Mobile out-of-office workers earned their own noun in 2008, when “moofer” was a candidate for the Oxford American Dictionary (OAD) Word of the Year. The suggested verb form? Moofing, as in “I won’t be at the meeting Thursday, I’m moofing from Starbucks.”
Voted 2009’s “Novelty Word,” a deleb is a dead celebrity. It was listed by OAD alongside the arguably more useful “tramp stamp.”
Lots of people have a Googlegänger.
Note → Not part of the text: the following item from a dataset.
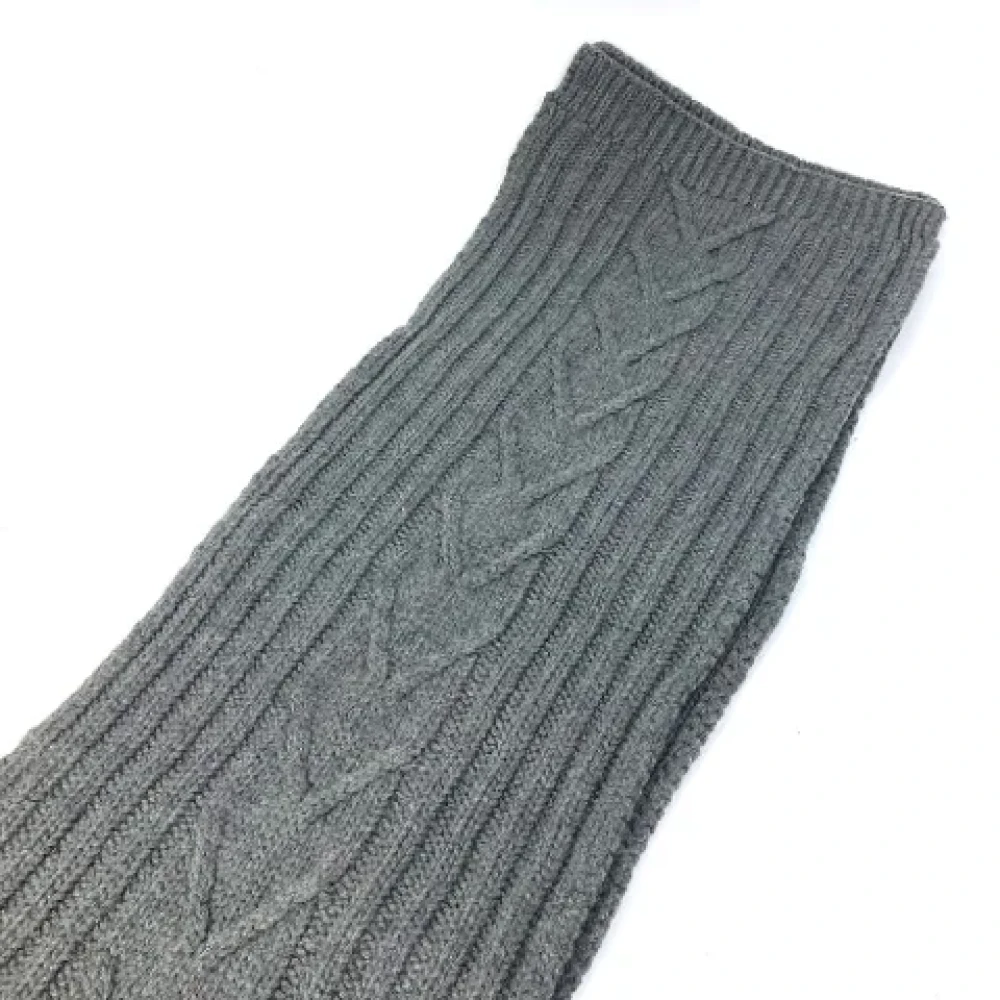 Louis Vuitton Vintage Pre-owned Wool scarves Gray Dames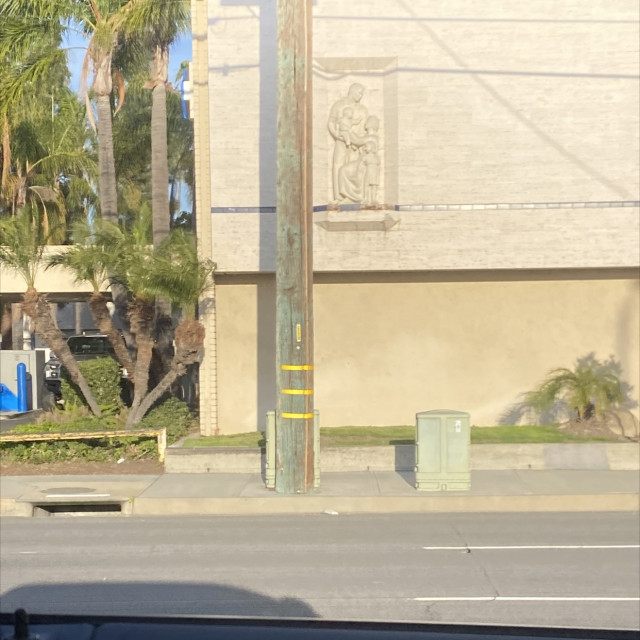 Ledge to downrail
That’s the person with your name who shows up in search results when you google yourself. (“Google” as a verb was recognized as 2002’s “Most Useful Word” by the American Dialect Society.)
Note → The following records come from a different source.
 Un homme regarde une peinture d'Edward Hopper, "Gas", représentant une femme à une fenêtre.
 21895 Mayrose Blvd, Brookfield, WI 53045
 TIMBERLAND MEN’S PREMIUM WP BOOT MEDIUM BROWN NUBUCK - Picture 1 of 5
A woman who is too old to be a cougar can be called a mellencamp, thanks to 2011’s ADS “Most Outrageous” Word of the Year, inspired by singer John Cougar Mellencamp’s multiple name changes.
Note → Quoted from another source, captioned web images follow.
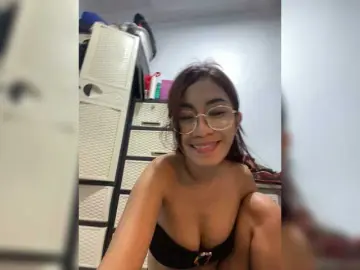 Tracy01  live sex cam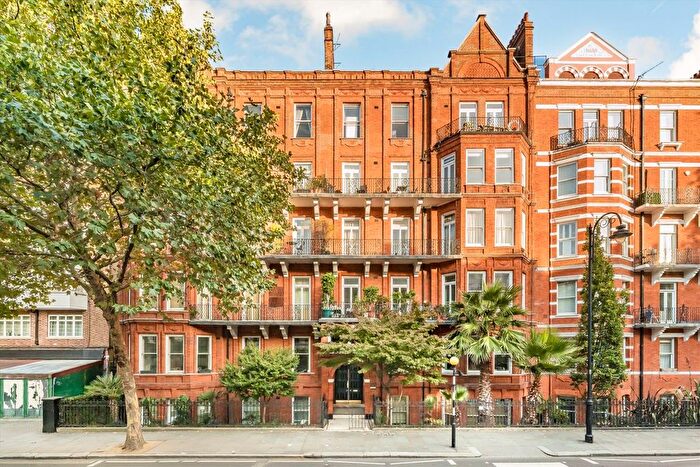 4 Bedroom Flat For Sale In Old Brompton Road, Earl's Court, SW5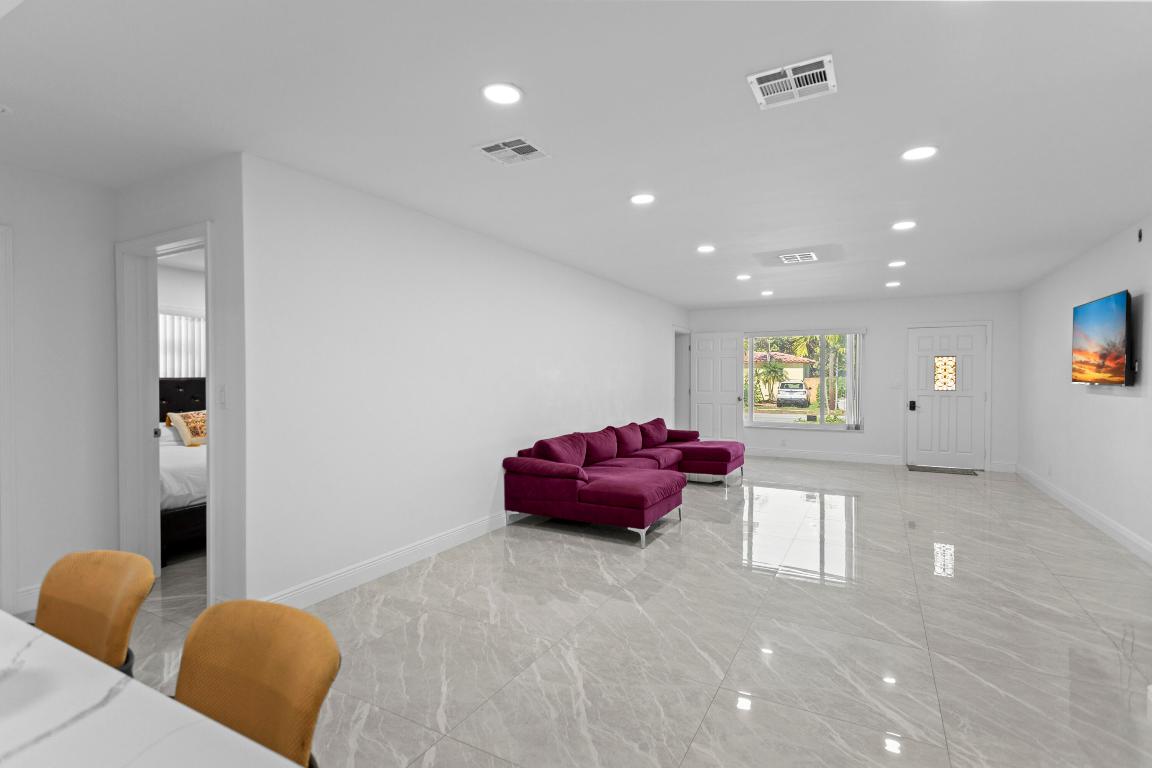 Hollywood south - Residential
This selection from Merriam–Webster’s Word of the Year list in 2004 is a one-word noun which describes a stage play with an overly dramatic or morally objectionable plot, derived from the name of French dramatist Victorien Sardou.
Just as the autobahns are Germany’s coordinated federal expressway system, the infobahn is the information superhighway (the winner in 1993). The term was voted 1994’s “Most Promising” Word of the Year by the ADS.
Another M-W pick from 2004, blamestorm describes a meeting or discussion held for the sole purpose of assigning blame for a failure.
From Charles Dickens’ character Seth Pecksniff, a pecksniffian is a person who hypocritically affects a high moral standing or practices pecksniffery, the universally irritating art of being sanctimonious. “Pecksniffian” and its derivatives were chosen by Merriam–Webster as one of 2007’s Words of the Year.
Because 80% of “hello” is from H-E-double-hockey-sticks. The entirely useless “heaven-o” was elected “Most Unnecessary” by ADS in 1997, never to be mentioned again (until now).
“Flog” has been a verb meaning “to beat or to whip” since the 17th century, but in 2006 it was a runner-up in the Oxford English Dictionary Word of the Year list as a noun: fake+blog, or a website that appears to be real but is actually just a form of marketing or advertisement for a company.
A carrotmob is the opposite of a boycott: A group of people gather to support a business by descending upon it en masse and shopping there all at the same time. The word was one of those shortlisted by Oxford Dictionaries in 2008; it comes from the name of the website used for organizing such things.